── MATERIAL SHOWN
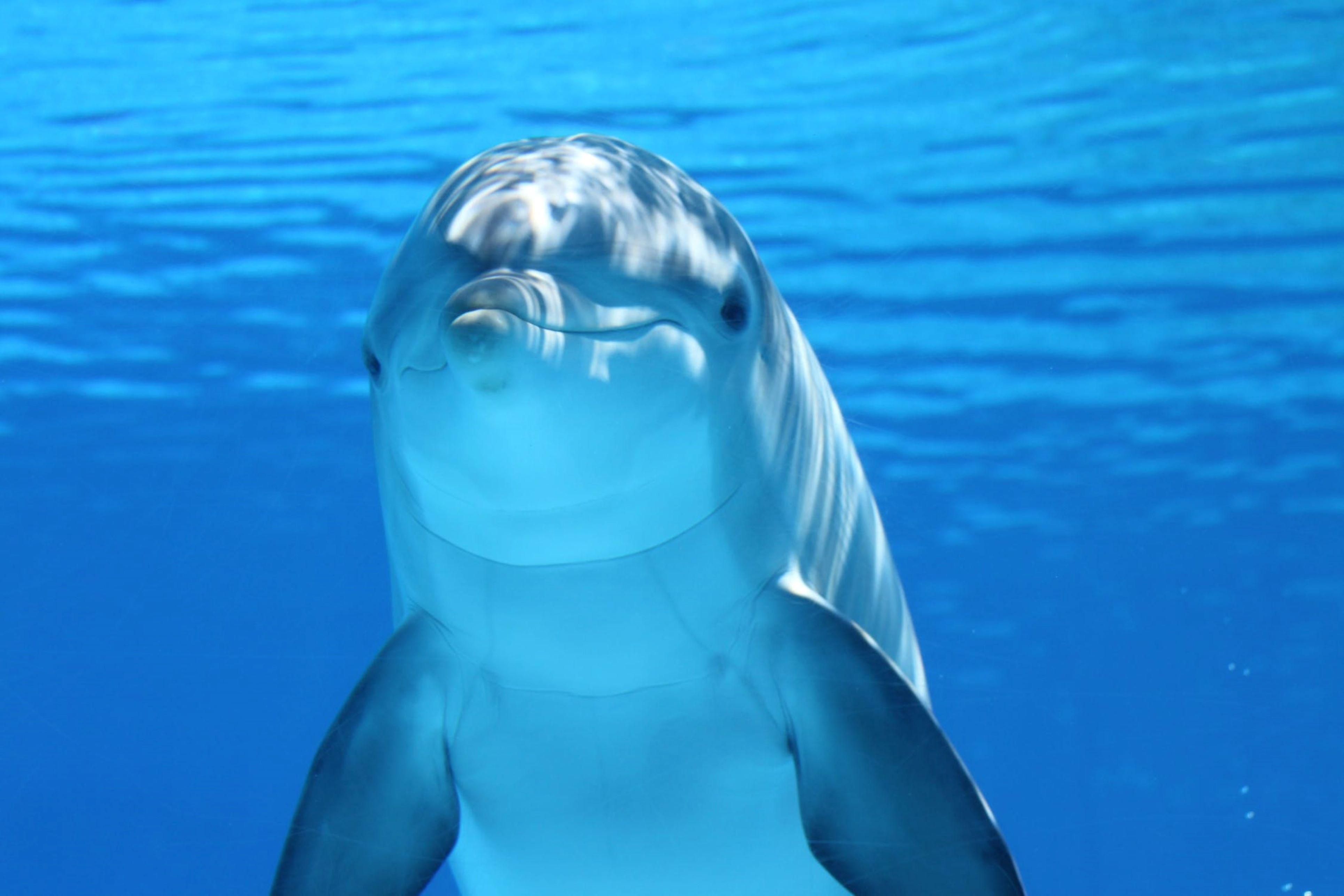 Make sure to check out the Texas State Aquarium on your visit to Corpus Christi. Stop by the Front desk and ask about our partnership and discounted tickets! 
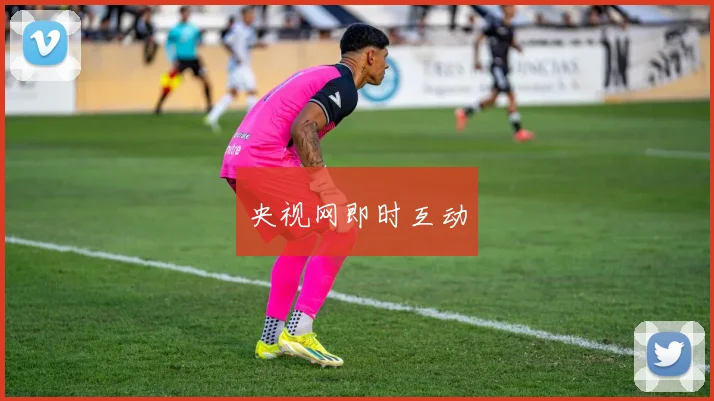 央视网即时互动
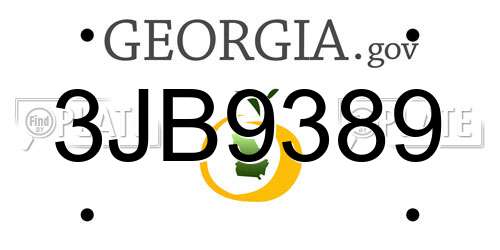 3JB9389 Georgia License Plate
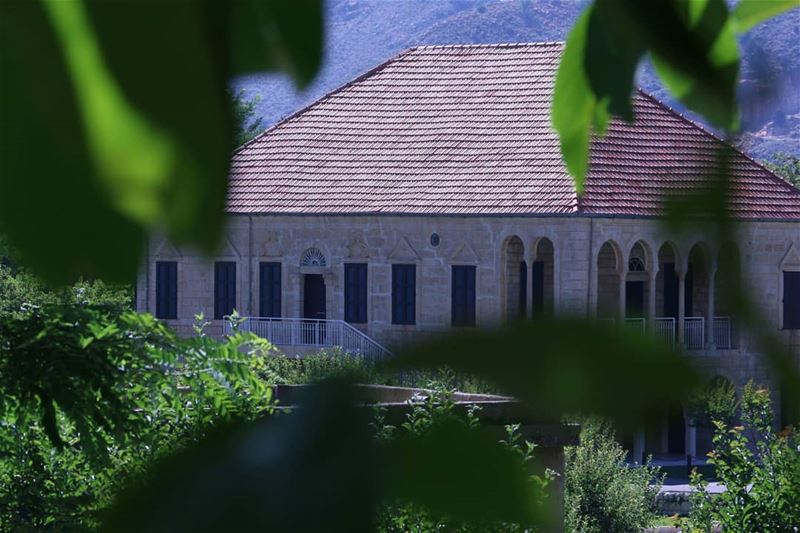 Good morning all... After three-day long vacation it is time to work... (El Mejdel, Mont-Liban, Lebanon)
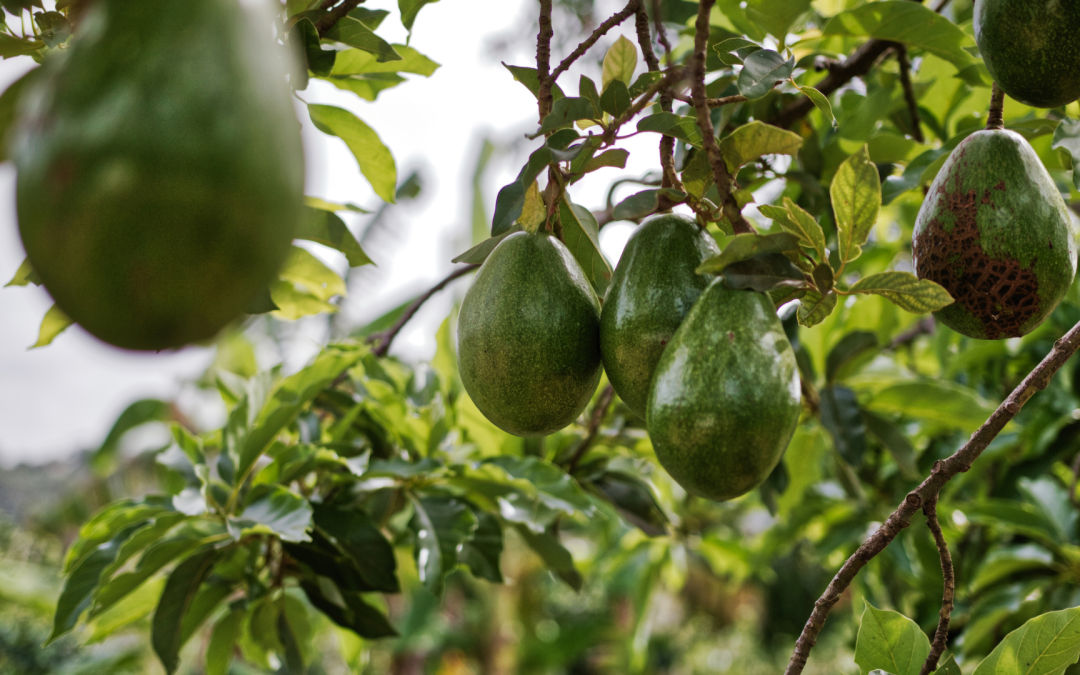 El cambio climático pone en riesgo la producción de aguacate en Colombia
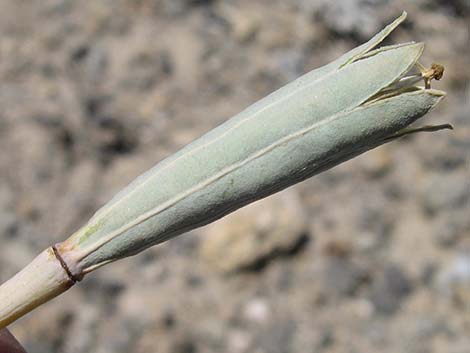 Desert Bearpoppy (Arctomecon merriamii)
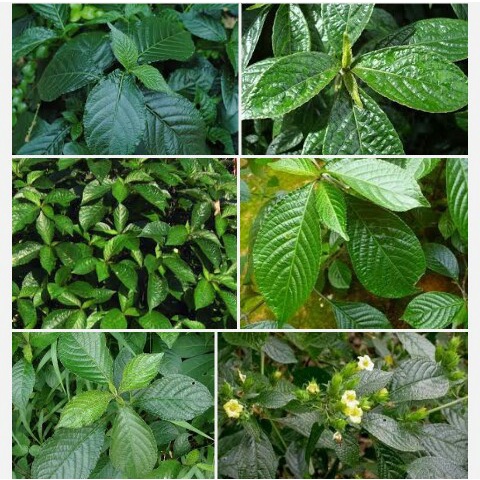 

Jual Daun Keji Beling utuh atau Pecah Beling Kering 500 gr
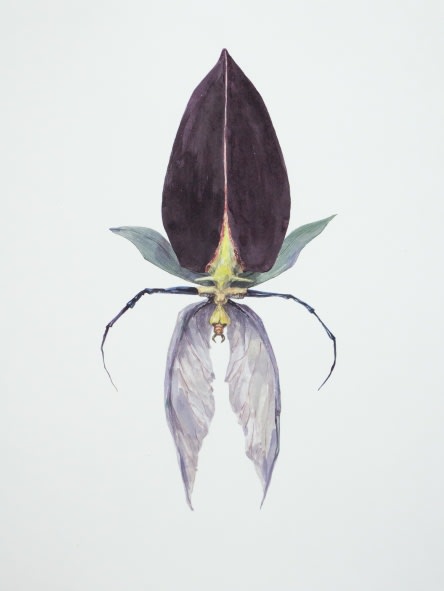 Ruby Unkyung HUR: Botanimal Garden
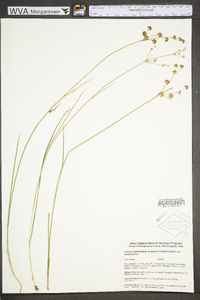 Juncus subcaudatus image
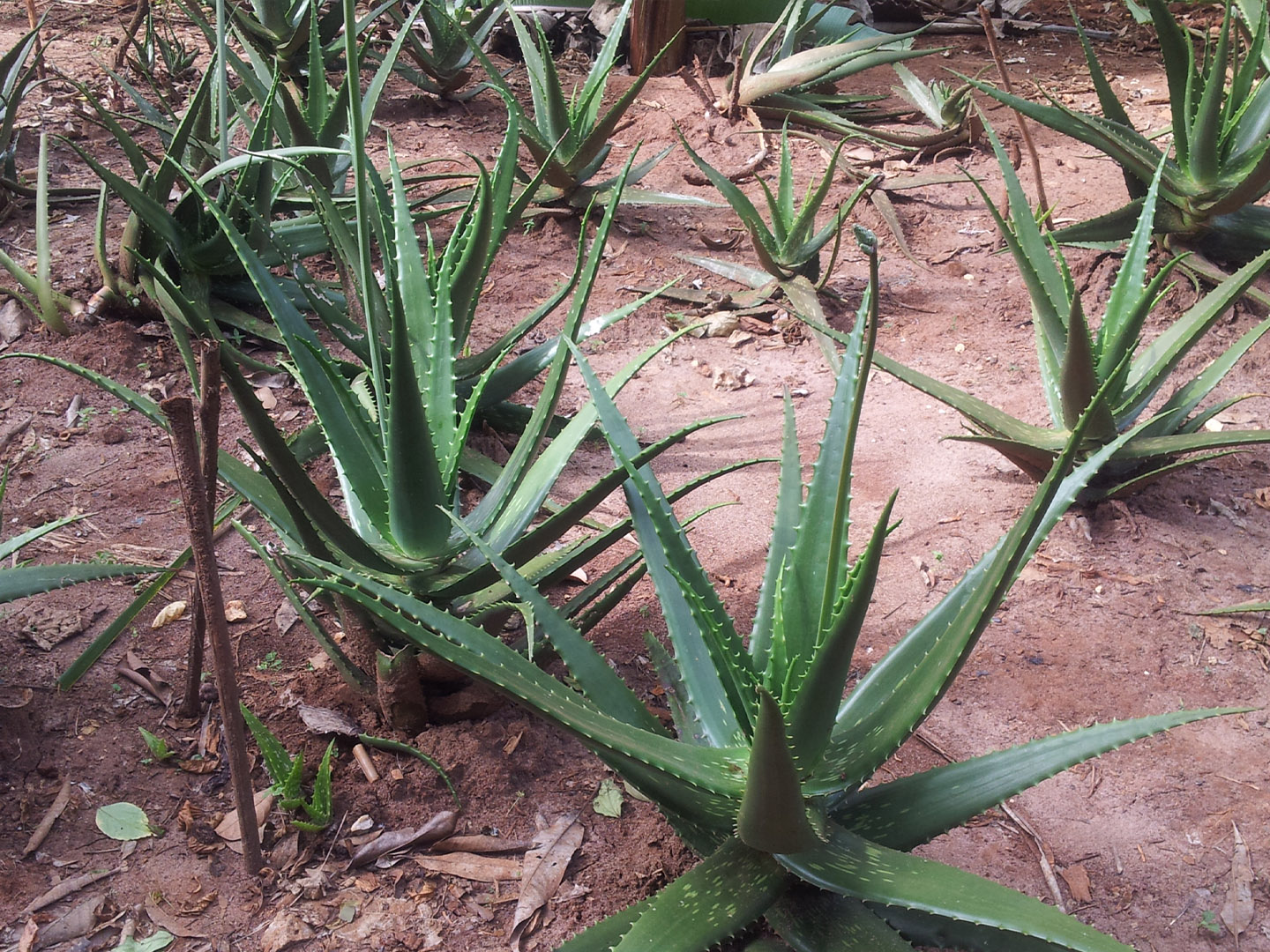 Jozani Forest + Spice Farm & Stone Town (3)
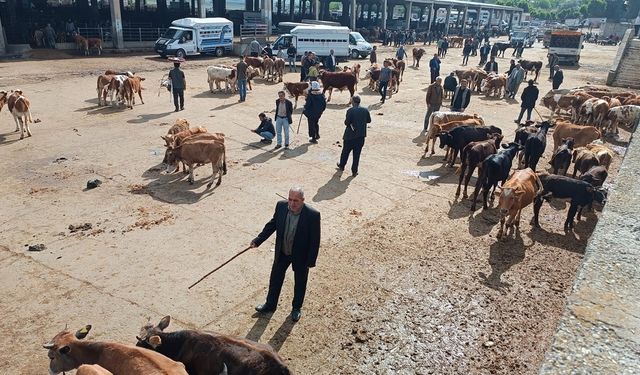 Welat de tersê nêweşîya tebaqî: Bazarê heywanan padîyay!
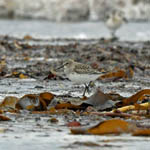 White-rumped Sandpiper, Stinky Bay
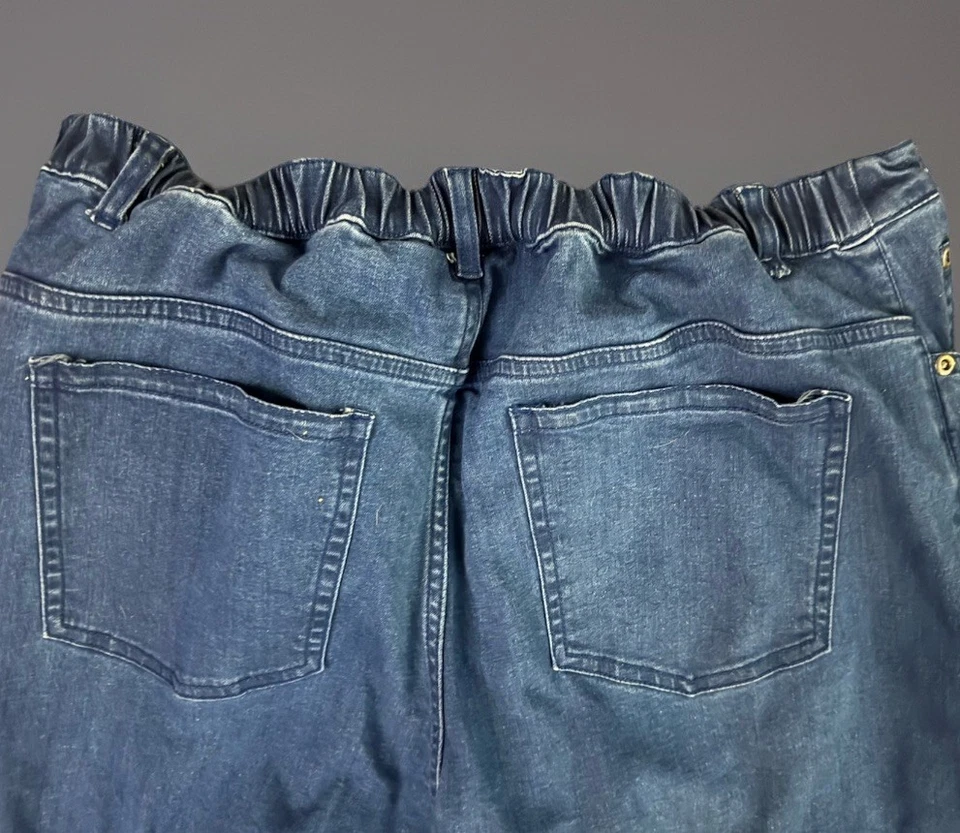 Pantalones de mezclilla para mujer Appleseeds talla 12 elásticos con cremallera azul cintura cómoda relajados Foto 3 de 4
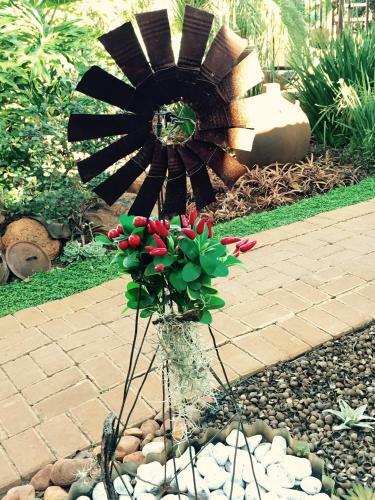 Hostal Africas Eden Guesthouse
────
WHAT THE EXERCISE ASKS: With the pictures excluded, the records are to be reproduced exactly.

EXERCISE SOLUTION:
 Make sure to check out the Texas State Aquarium on your visit to Corpus Christi. Stop by the Front desk and ask about our partnership and discounted tickets! 
 央视网即时互动
 3JB9389 Georgia License Plate
 Good morning all... After three-day long vacation it is time to work... (El Mejdel, Mont-Liban, Lebanon)
 El cambio climático pone en riesgo la producción de aguacate en Colombia
 Desert Bearpoppy (Arctomecon merriamii)

Jual Daun Keji Beling utuh atau Pecah Beling Kering 500 gr
 Ruby Unkyung HUR: Botanimal Garden
 Juncus subcaudatus image
 Jozani Forest + Spice Farm & Stone Town (3)
 Welat de tersê nêweşîya tebaqî: Bazarê heywanan padîyay!
 White-rumped Sandpiper, Stinky Bay
 Pantalones de mezclilla para mujer Appleseeds talla 12 elásticos con cremallera azul cintura cómoda relajados Foto 3 de 4
 Hostal Africas Eden Guesthouse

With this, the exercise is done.